(Beginning of Supplied records)

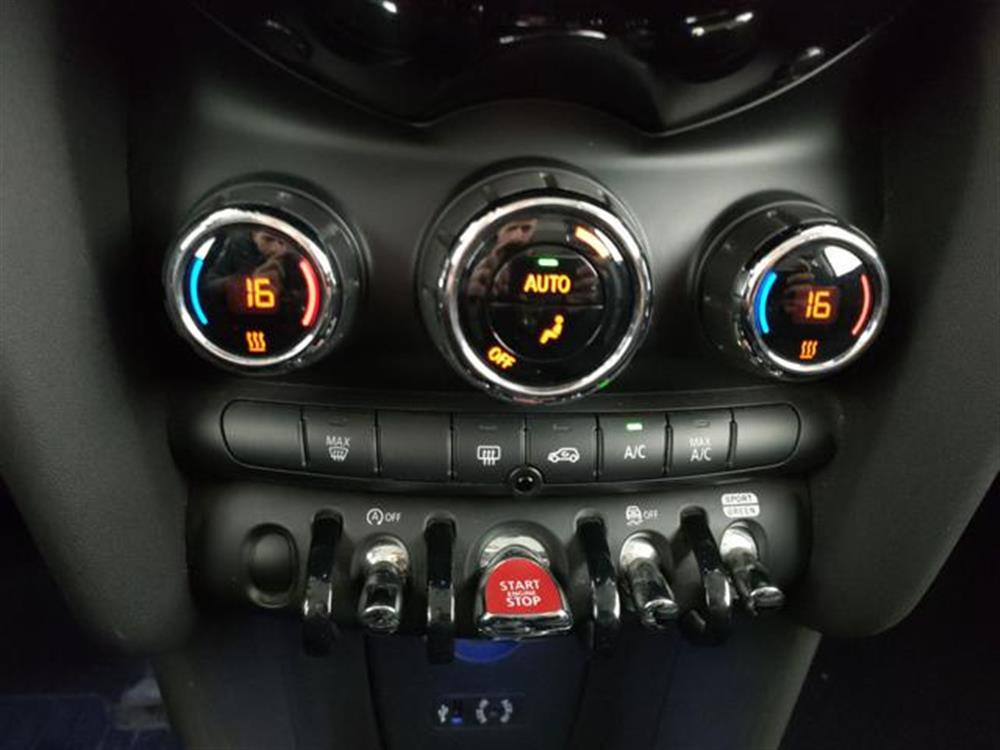 One One 1.5 One D Hype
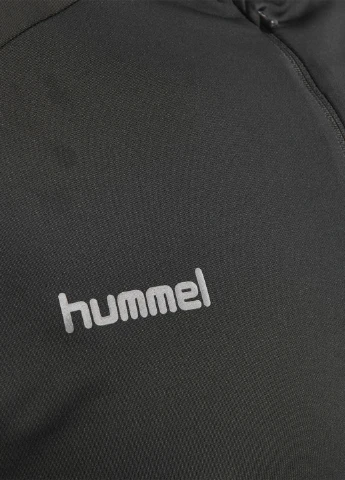 Толстовка Hummel (229948753)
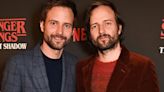 Duffer Brothers Reveal Plans After 'Stranger Things,' Set To Produce Netflix Horror Series 'Something Very Bad Is Going...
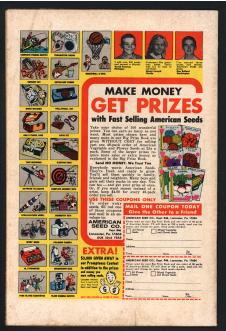 Click to see a larger back cover image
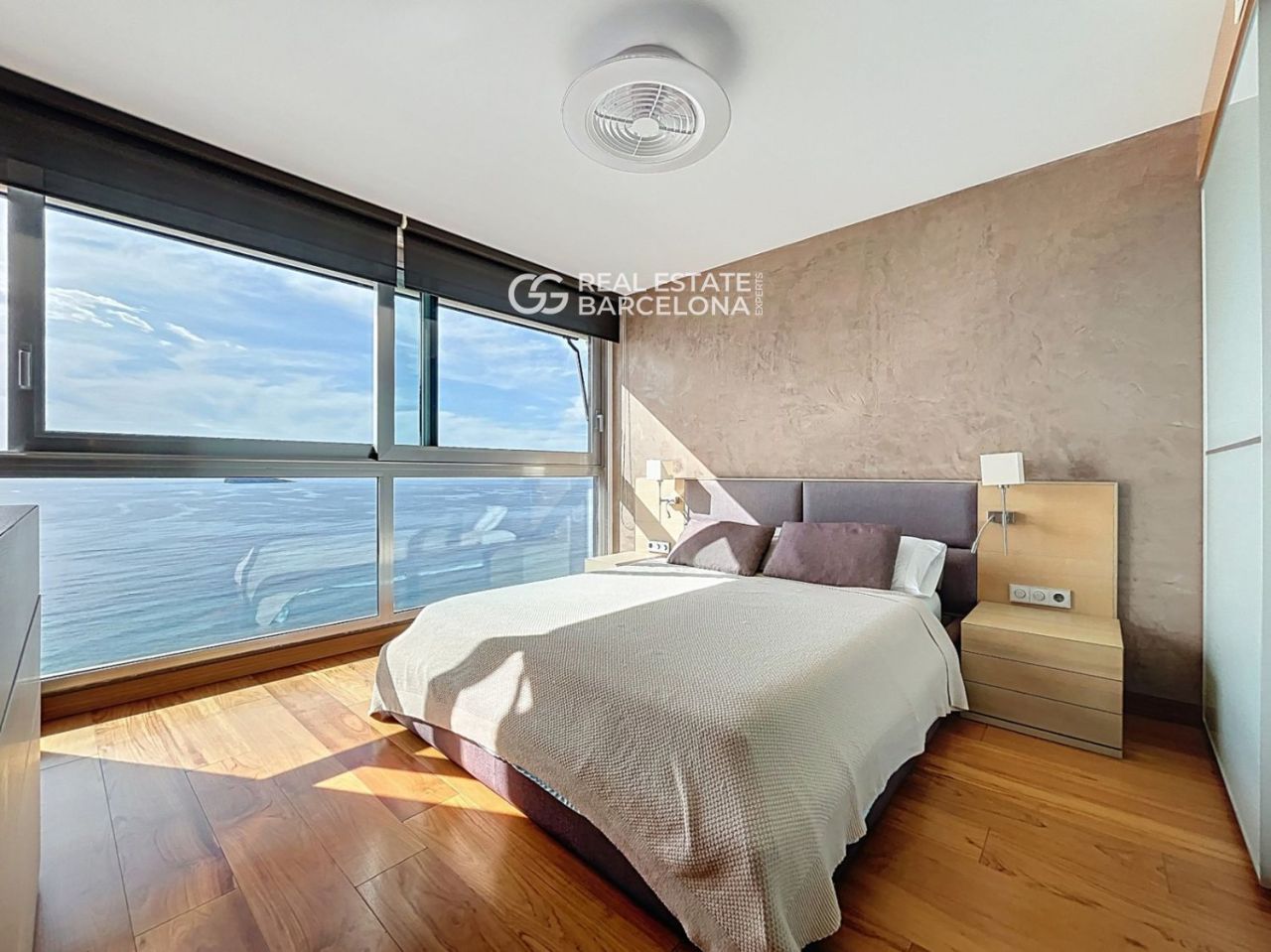 Квартира в Бенидорме, Испания, 300 м² - фото 2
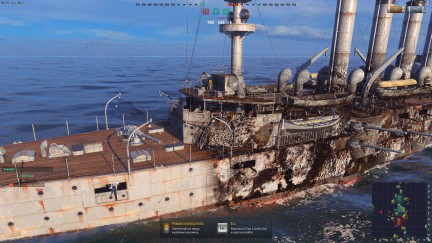 WoWs_preview_027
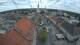 Leibnitz Sa. 22.8.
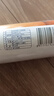 妙潔厚實保鮮袋背心式中特大號家用食品級pe手提式食品袋加厚冰箱專用 大號1卷共110只 曬單實拍圖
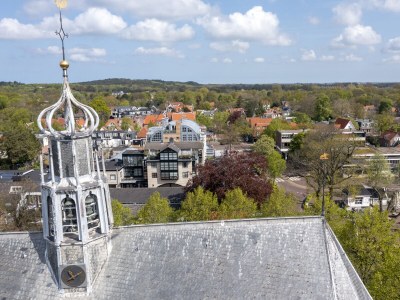 Holiday apartment White Sand Beach - Environment photo 19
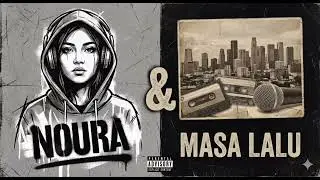 NOURA-MASA LALU(DUNIAWI)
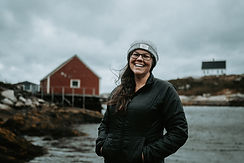 Jess Fraser - Your Inner Vitality.jpg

(End of Supplied records)

## [What you will do]
The data above should be returned in full, exactly as written, apart from its images.

## [Task output]
 One One 1.5 One D Hype
 Толстовка Hummel (229948753)
 Duffer Brothers Reveal Plans After 'Stranger Things,' Set To Produce Netflix Horror Series 'Something Very Bad Is Going...
 Click to see a larger back cover image
 Квартира в Бенидорме, Испания, 300 м² - фото 2
 WoWs_preview_027
 Leibnitz Sa. 22.8.
 妙潔厚實保鮮袋背心式中特大號家用食品級pe手提式食品袋加厚冰箱專用 大號1卷共110只 曬單實拍圖
 Holiday apartment White Sand Beach - Environment photo 19
 NOURA-MASA LALU(DUNIAWI)
 Jess Fraser - Your Inner Vitality.jpg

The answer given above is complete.